Short text fragments from websites:

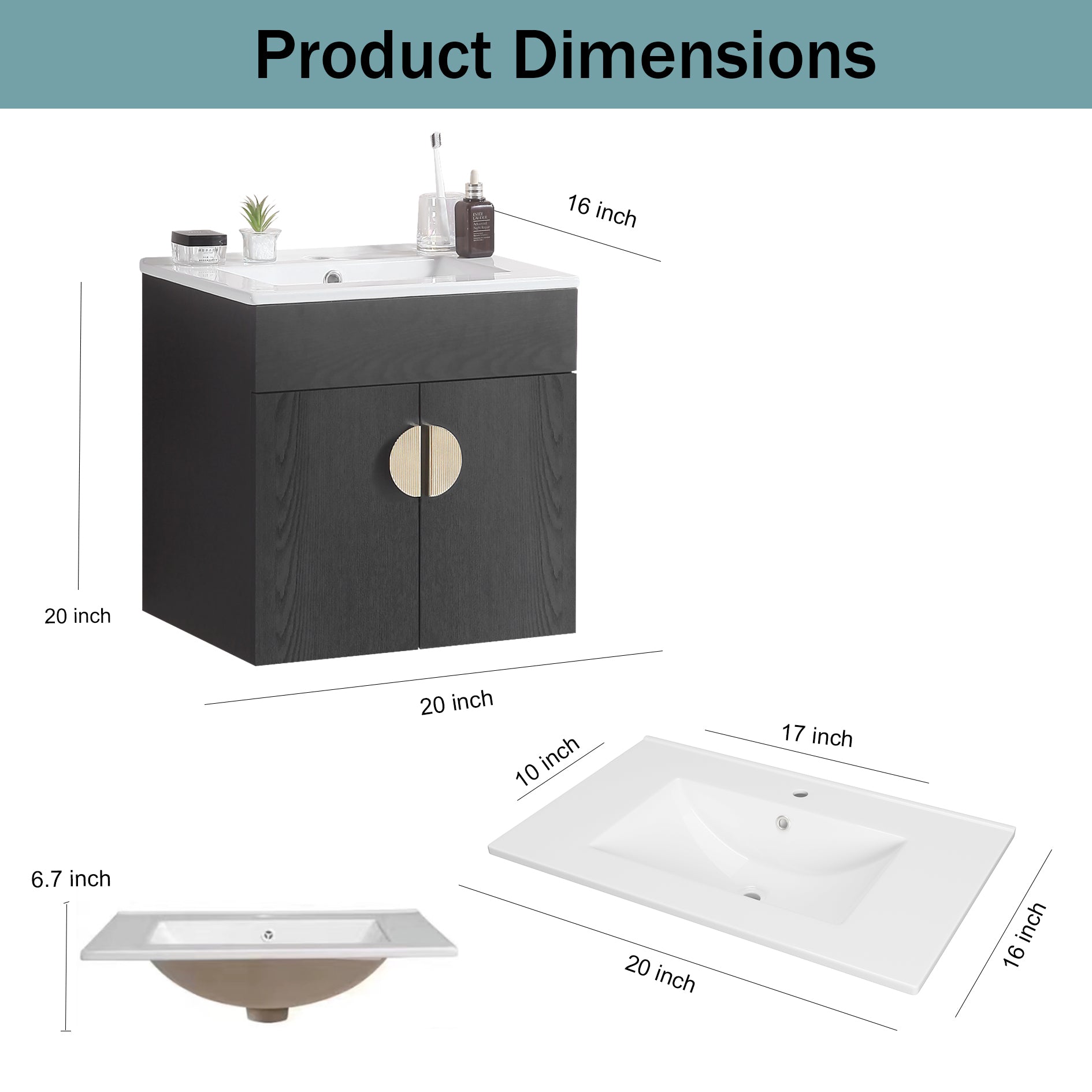 20 Inch Wall Mounted Bathroom Vanity in black with White Ceramic Sink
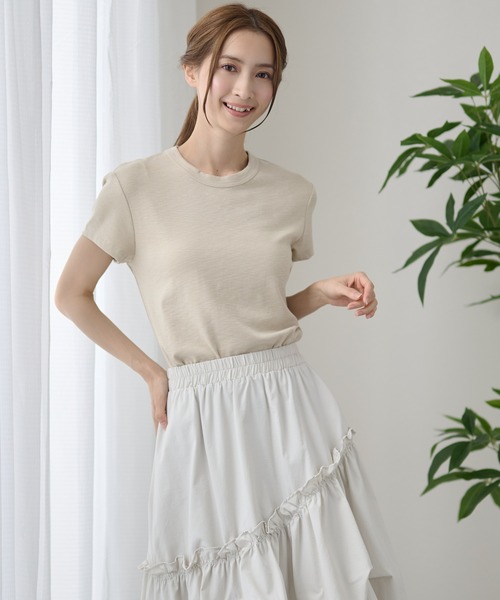 DAYRA(デイラ)の「無地 半袖 クルーネック Tシャツ トップス(Tシャツ/カットソー・レディース・ホワイト/チャコールグレー/ライトグレー/ブラック/ベージュ/ピンク・FREE)」の7枚目の写真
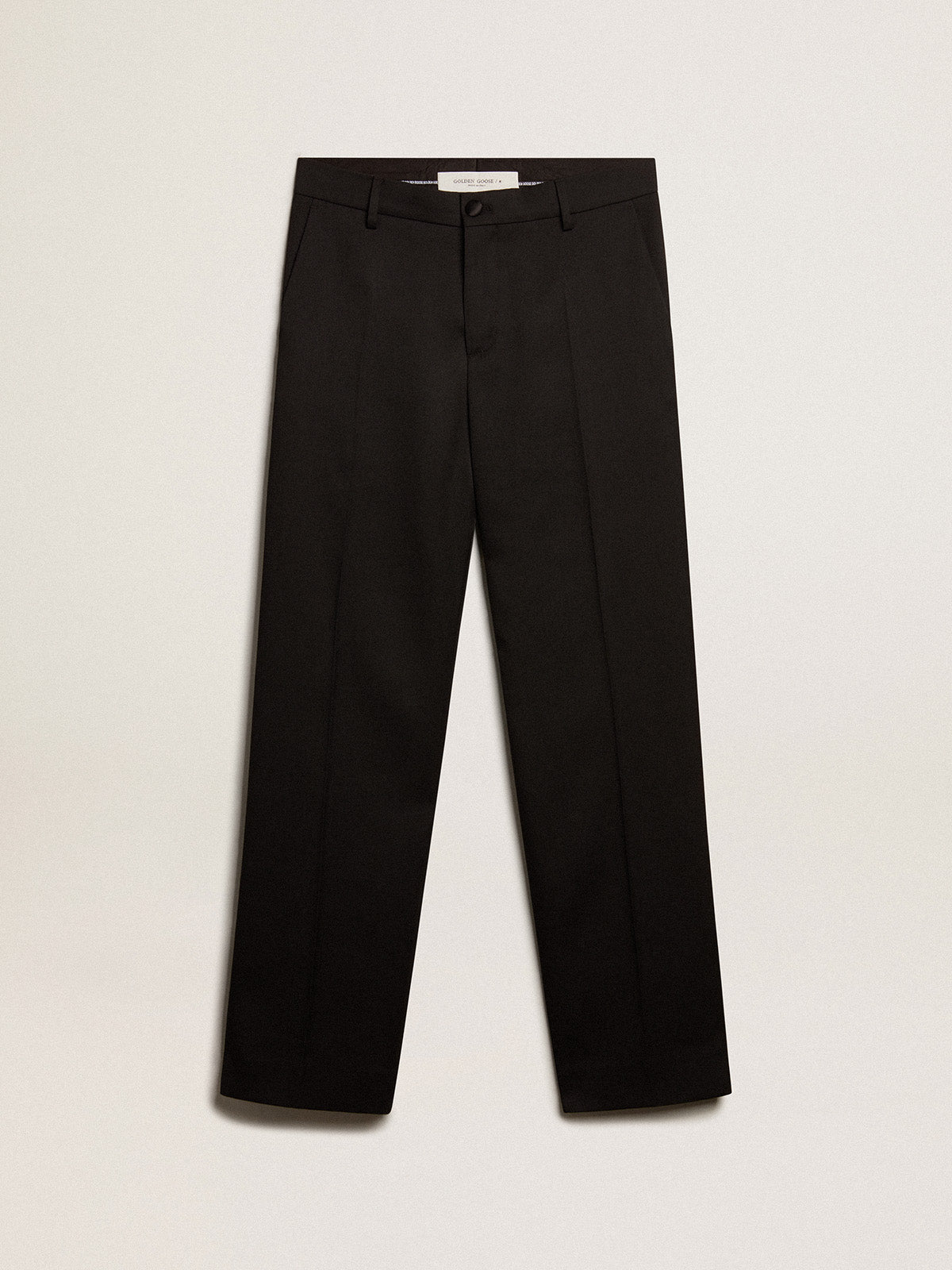 Men's tuxedo pants in black wool gabardine| Golden Goose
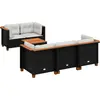 Image de vidaXL Ensemble de salon de jardin 6 pièces avec coussins noir poly rotin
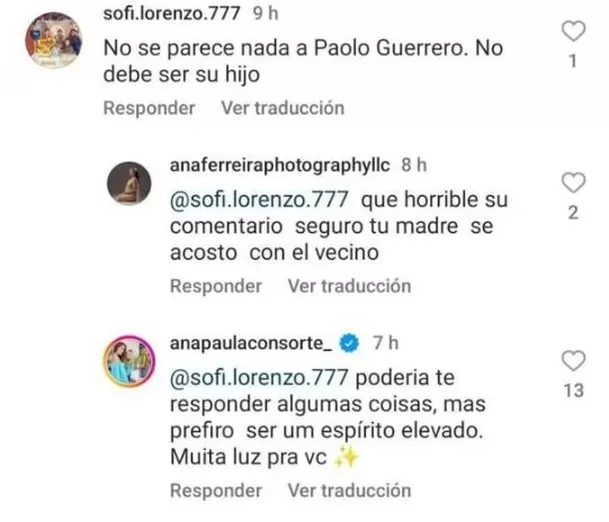 Ana Paula Consorte se molestó con usuaria / Fuente: Instagram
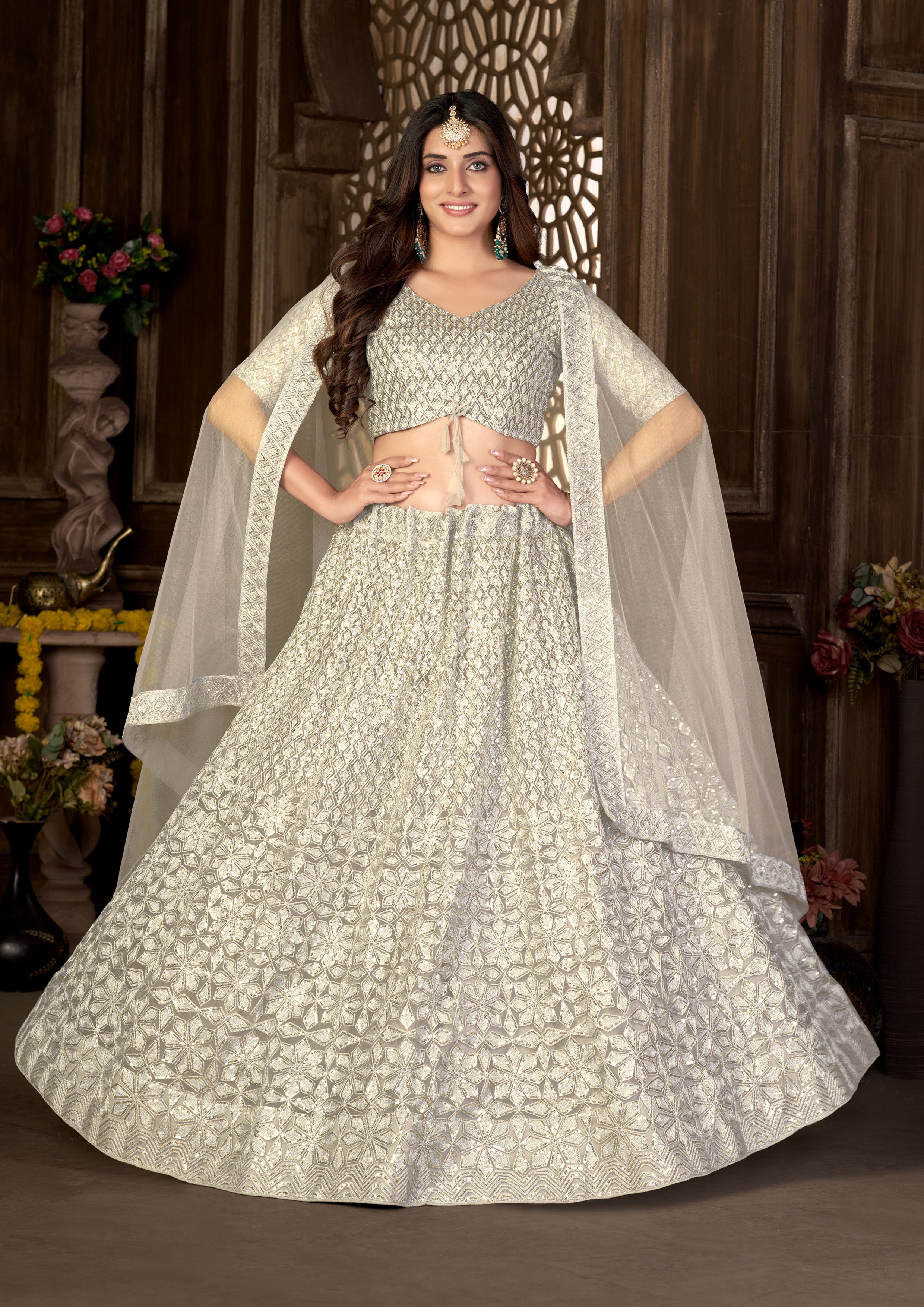 Off White Heavy Net With Sequence Embroidered Work Semi Stitch Lehenga Choli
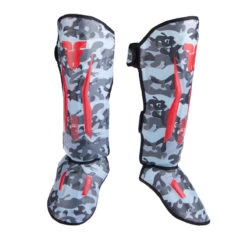 Fighter Shinguards Thai Ergo - Gray Camo/red, FSG-004GCR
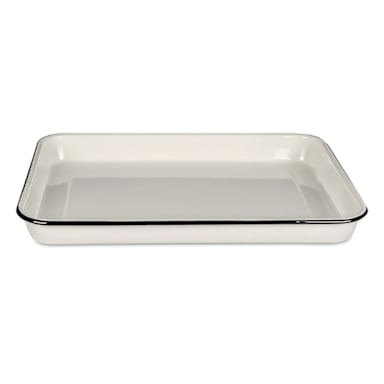 TableCraft 80012 EnamelWare White 16 x 11.5" Serving Tray w/ Black Rim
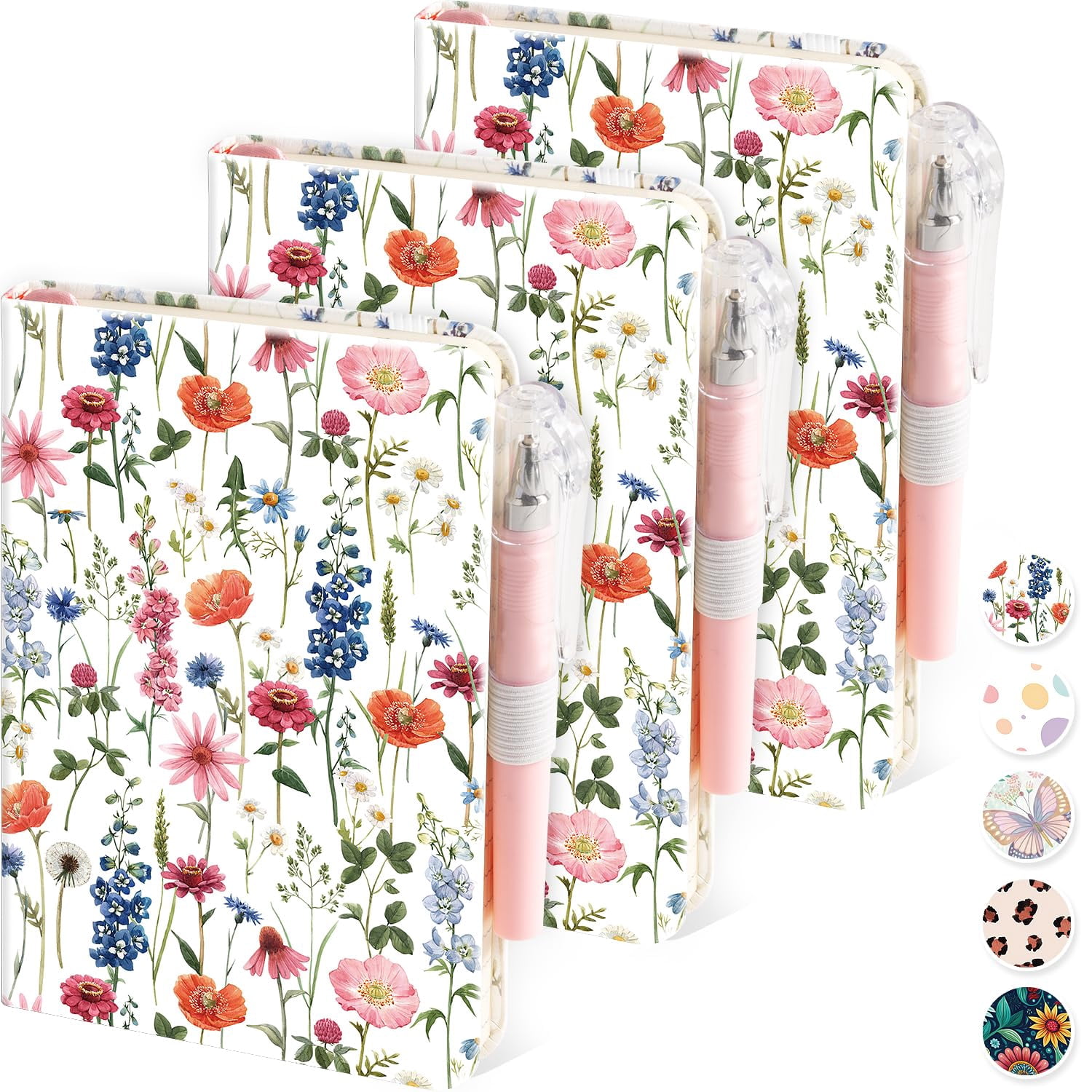 (3 Pack) Small Notebook Pocket Journal For Women  A6 (3.7" X 5.7") With Pen Aesthetic Floral Leather Cover 100gsm Thick Paper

TO DO: An exact restatement of the lines from the one holding "TableCraft 80012 EnamelWare" through the end of the entries, both ends included, is the whole answer. Pictures stay out.

TASK ANSWER:
 TableCraft 80012 EnamelWare White 16 x 11.5" Serving Tray w/ Black Rim
 (3 Pack) Small Notebook Pocket Journal For Women  A6 (3.7" X 5.7") With Pen Aesthetic Floral Leather Cover 100gsm Thick Paper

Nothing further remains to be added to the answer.